She made her maiden voyage as a cargo ship in 1896, transporting sugar from the West Indies, cocoa, and coffee from Brazil and French Guiana to Nantes, France.

== History ==
Belem escaped the eruption of Mount Pelée in Saint-Pierre, Martinique, on 8 May 1902. On arriving at Saint Pierre ahead of the eruption, Captain Julien Chauvelon found that roadsteads were full of vessels. With no place to anchor the ship Chauvelon angrily decided to anchor some miles further away off a beach, which provided shelter when the volcano erupted.

She was sold in 1914 to Hugh Grosvenor, 2nd Duke of Westminster, who converted her to his private luxurious pleasure yacht, complete with two auxiliary Bolinder Diesel engines of 300 HP each.

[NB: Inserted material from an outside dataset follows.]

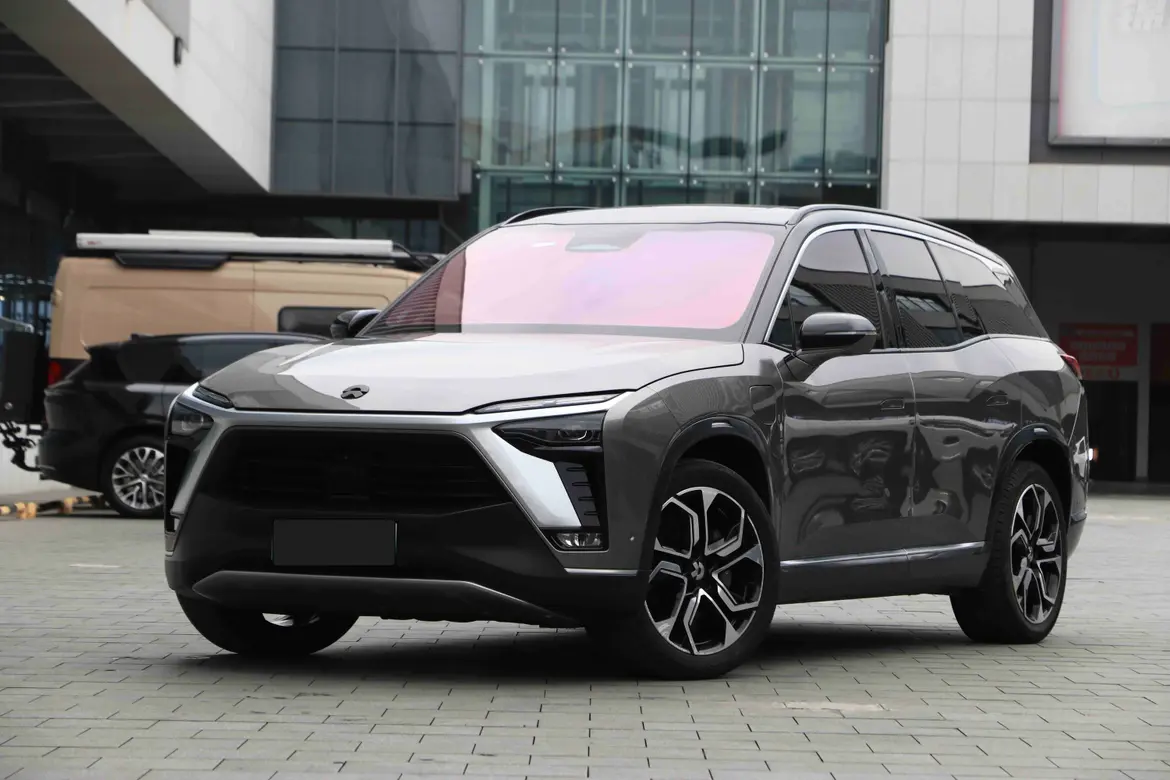 NIO ES8  из Китая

In 1922 she became the property of Sir Ernest Guinness, of the Guinness family, who renamed her the Fantôme II and revised the rig from a square rigger. Guinness was Rear Commodore of the Royal St. George Yacht Club, in Kingstown, Ireland, from 1921 to 1939. He was Vice Commodore from 1940 to 1948. He took the Fântome II on a cruise in 1923 with his daughters Aileen, Maureen, and Oonagh. They sailed around the world via the Panama and Suez Canals including a visit to Spitsbergen. During her approach to Yokohama harbour while sailing the Pacific Ocean the barque managed to escape another catastrophe - an earthquake which destroyed the harbour and parts of Yokohama city. Guinness died in 1949. The Fântome II was moored in the roads of Cowes, Isle of Wight.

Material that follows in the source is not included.